We first declare a new SMT-LIB variable for the parameter x. Its value is unknown and the most we can say about it is that x > 3.

(declare-const x Int)                   ; declare `x : int`
(assert (>= (- x 1) 3))                 ; equivalent to `x > 3`
(push)                                  ; enter new stack frame
(assert (not (>= (- (- x 2) 1) 0)))     ; equivalent to `not (z > 0)` where `z == x - 2`
(check-sat)                             ; check satisfiability
(pop)                                   ; exit last stack frame

To prove that a contract is satisfied, we need to prove the validity of the logical implication where all previous formulas and assertions are premises and the contract is the conclusion. In the above example, the required implication is x > 3 ⇒ x - 2 > 0. However, SMT solvers can only prove that a formula is satisfiable (there exists an assignment of values to the variables that makes the formula true), not that it is valid (it is true for every assignment of values). Fortunately, we can determine if the implication is valid by negating the condition of the contract and checking whether the negation of the implication is satisfiable. If the SMT solver produces a model showing that it is, indeed, satisfiable, we have a counterexample of values that break the contract. If the SMT solver proves that the negated implication is not satisfiable, we conclude that the implication itself is valid, and that the contract cannot be broken. If the solver can neither show that the negated implication is satisfiable nor prove that it is not, its satisfiability is checked again in the theory of non-linear real arithmetic by the NLSat solver. (Z3 incorrectly translates strict inequalities when translating between the theories of integer and real arithmetic, which is why >= and <= are used instead of > and <.)

Some expressions, such as integers, booleans and variables that do not have function types, can be trivially translated into SMT-LIB representation, but the translation of other kinds of expressions can be tricky. When translating an if expression, the boolean condition has to be added to the premises when checking contracts in the then branch, while its negation has to be added to the premises when checking the else branch. Another non-trivial case is checking function calls, where each argument expression is translated and the contract on the corresponding parameter must be checked. As contracts on function parameters can refer to earlier parameters, the representations of argument expressions corresponding to named parameters are added to the function's local environment. In the example above, the local environment when checking the refined return type is {z ↦ "(- x 2)"}, so that the variable z in the contract expression is translated correctly.

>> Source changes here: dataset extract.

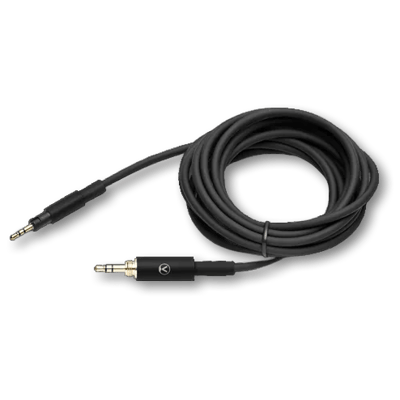 Austrian Audio HXC3 Black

The results of some function calls are represented directly, specifically the results of calls of built-in operators, which have standard interpretations in SMT theories, and uninterpreted functions such as length, which are used to represent abstract properties and whose values can be tracked and reasoned about by SMT solvers. The results of other function calls are represented by fresh SMT variables, which are constrained by the contract on the functions return type. For example, the result of the function application x + 6 is represented by "(+ x 6)", while the result of the call random1toN(10) is translated as

(declare-const _i0 Int)
(assert (and (<= 1 _i0) (<= _i0 10)))

In contrast to other values, functions are not translated into SMT-LIB representation, but are instead stored in a function environment. If a function is the result of an application of a higher-order function, its local environment is stored along with its refined type. Take, for example, the function make_const : (x : int) → int → (z : int if z == x). The result of the call make_const(1 + 2) is the pair ({x ↦ "(+ 1 2)"}, int → (z : int if z == x)). That way, when the resulting function is called, its return type contract can be translated correctly.

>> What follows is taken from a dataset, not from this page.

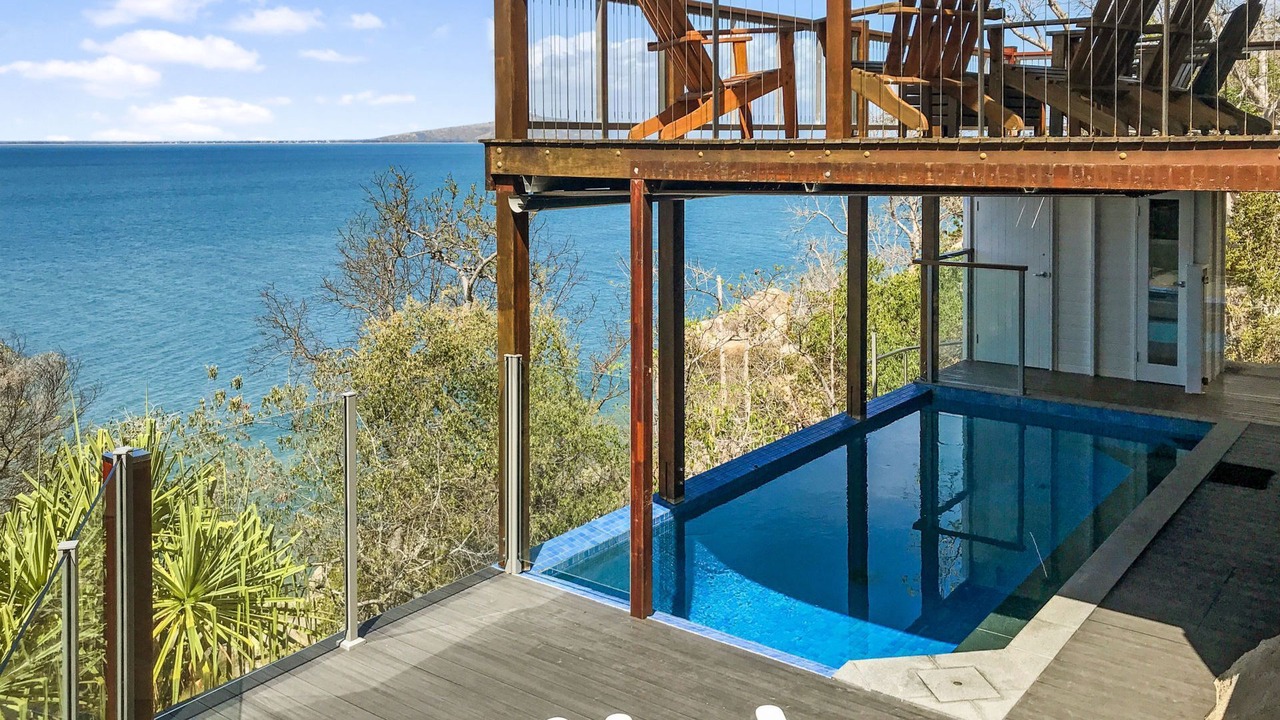 Photo of Outdoor in Picnic Bay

Function casts must establish a subtype relationship between two refined function types, e.g. that a₁ → b₁ <: a₂ → b₂. Assuming that the base types of a₁ and a₂ and of b₁ and b₂ are equal, we must prove that the contract of a₂ implies the contract of a₁ (as parameter types are contravariant), and that the contract of a₂ and the contract of b₁ imply the contract of b₂ (since return types are covariant). If there are multiple parameters, the contracts of all earlier parameters of the supertype must be used as premises when checking the implication of contracts for each parameter and for the return type. For example, to prove that the type (x : int, y : int if y > 0) → (z : int if z == x + y) is a subtype of (x : int if x > 0, y : int if y > x) → (z : int if z > 0), we must prove 1) x > 0 ⇒ true, 2) x > 0 ∧ y > x ⇒ y > 0, and 3) x > 0 ∧ y > x ∧ z == x + y ⇒ z > 0.

Possible extensions

This experimental implementation demonstrates a refined type-checking algorithm that can check many software safety properties. However, it is far from complete, and could be improved in many different ways.

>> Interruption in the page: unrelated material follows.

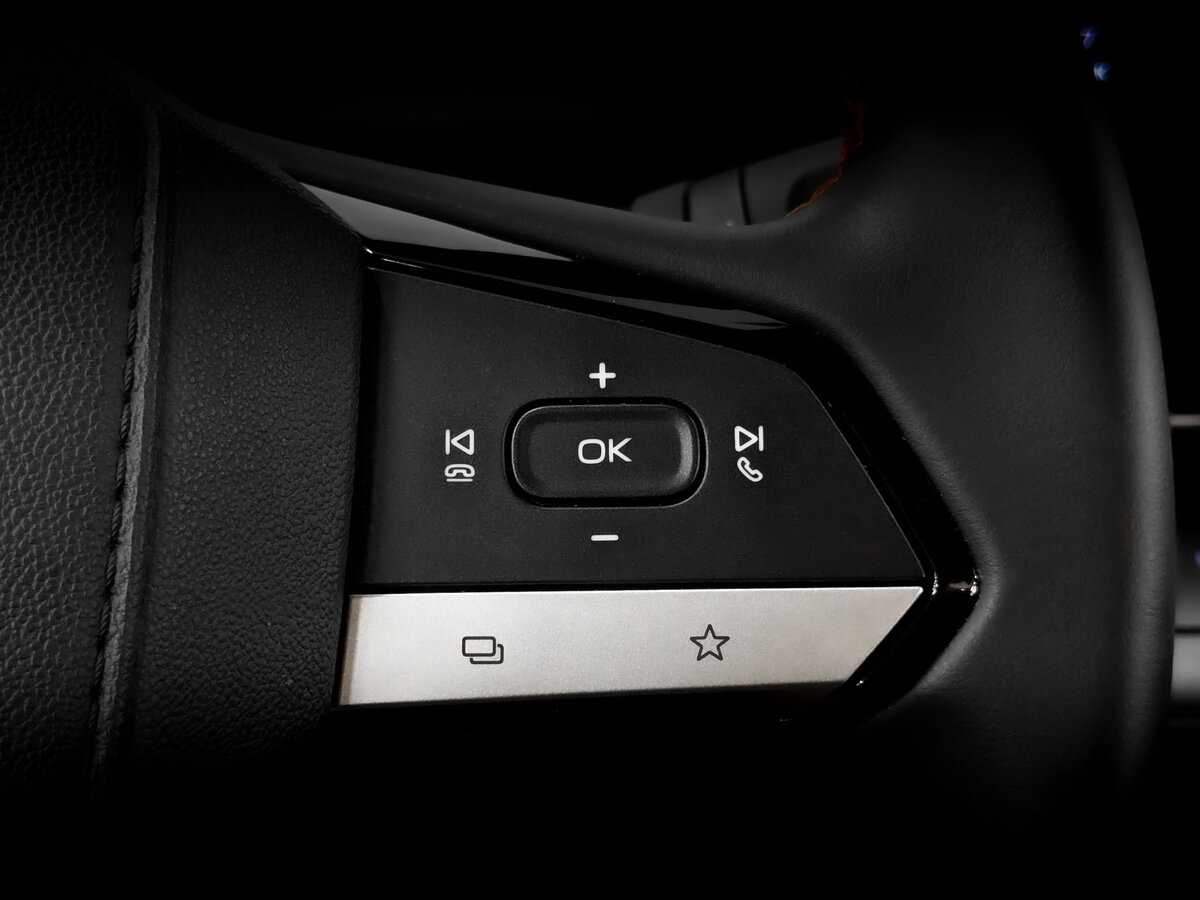 Купить Changan CS55 Plus, 2023, 30 924 км.. Фото: #27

A simple addition would be implementing HM type inference and refined type checking for recursive functions, which are equivalent to loops and would make the language Turing complete. Another idea is to allow type aliases for refined types (e.g. type nat = i : int if i ≥ 0), and to perform a simple form of dead code elimination by proving when if branches cannot be taken. Furthermore, we could use the model generated by the SMT solver the negated implication is satisfiable to extract a set of values that break the contract.

Handling of first-class functions needs to be improved. We would need to include functions in local environment as well, and then use the function subtype-checking algorithm to check refined function types of parameters and return types. We would need to transform some second-order contracts into equivalent refined function types, for example f : int → int if f(0) == 1 is equivalent to f : (x : int) → (y : int if (if x == 0 then y == 1 else true)), while f : array[int] → int if f == length is equivalent to f : (a : array[int]) → (i : int if i == length(a)). Finally, it would be useful to alert the user when there can be no functions inhabiting a given function type, such as (x : int if x > 0) → (y : int if y > x and y < 0).

More substantial extensions would be adding a function effect system, which would prohibit the use of functions with side-effects (such as non-determinism or I/O) in refined types, and including built-in operations for additional datatypes, such as arrays, modular integers and bitvectors, which can also be reasoned about by some SMT solvers. To make the language practical, it would also need to support imperative features such as loops and mutable local variables and data structures.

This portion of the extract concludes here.